I was reading the latest issue of Atomic magazine today, #92. In it, there's a review of the latest-and-greatest sound card from Creative, the "Creative SoundBlaster X-Fi Titanium". It seems to have fairly respectable audio performance, with quite low distortion and good signal-to-noise.
The thing that really caught my eye, though, was this paragraph:
"Installation of the card caused several BSODs [Blue Screens of Death], with the Creative installer, dll and hardware detection engine still being quite messy. We also experienced a fairly serious OS level corruption problem when trying to run the X-Fi Titanium in the same host system as an Auzentech X-Fi."
They scored this card 8.5/10. For something that you can expect to crash your system several times on install, and may lead to operating system corruption.
Are they for real?
I guess Creative have dominated the sound card market for so long now that people just accept their buggy drivers as normal.
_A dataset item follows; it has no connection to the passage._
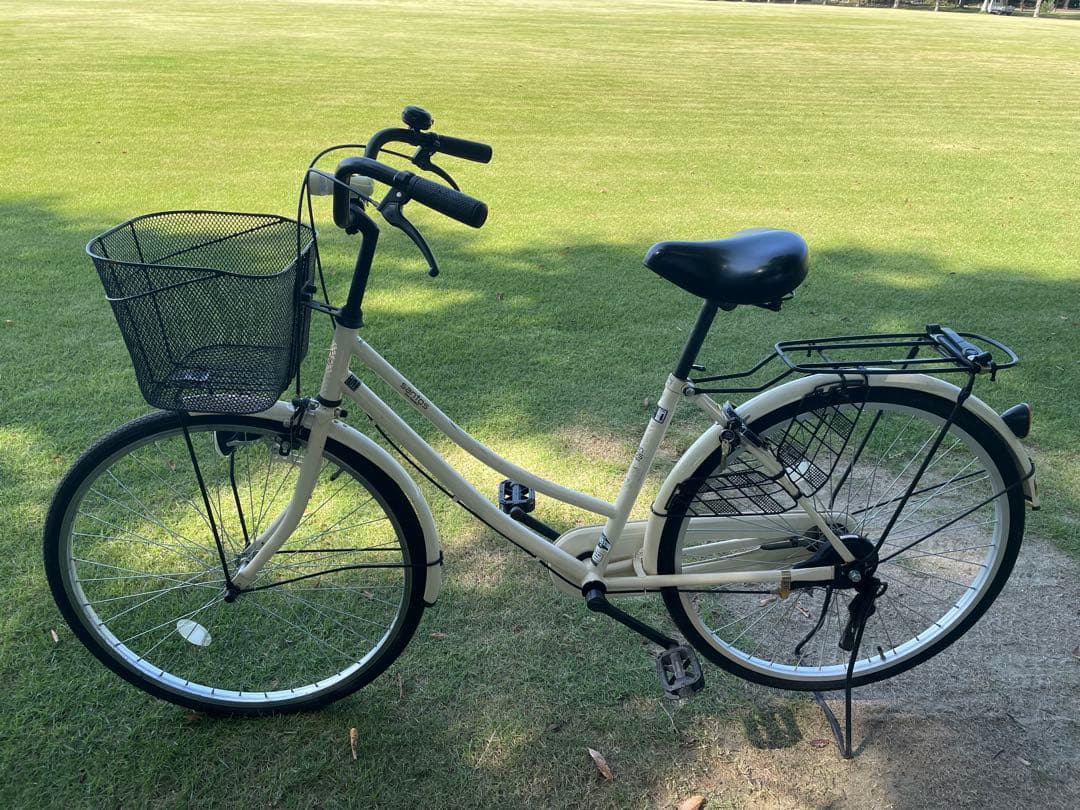 ヒ*属様 シティサイクル クリーム色 前面バスケット付き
Me, I'll stick with my on-board audio for the time being. It works, and works well, with pretty good audio quality - and lets face it, I'm not exactly listening to sounds that *need* high quality THD & SNR figures. If I'm after high-fidelity audio, I'll play uncompressed audio through the Yamaha Amp & Peerless speakers in the loungeroom. In the meantime, I save myself several hundred $$, and avoid the general crappiness of Creative's software.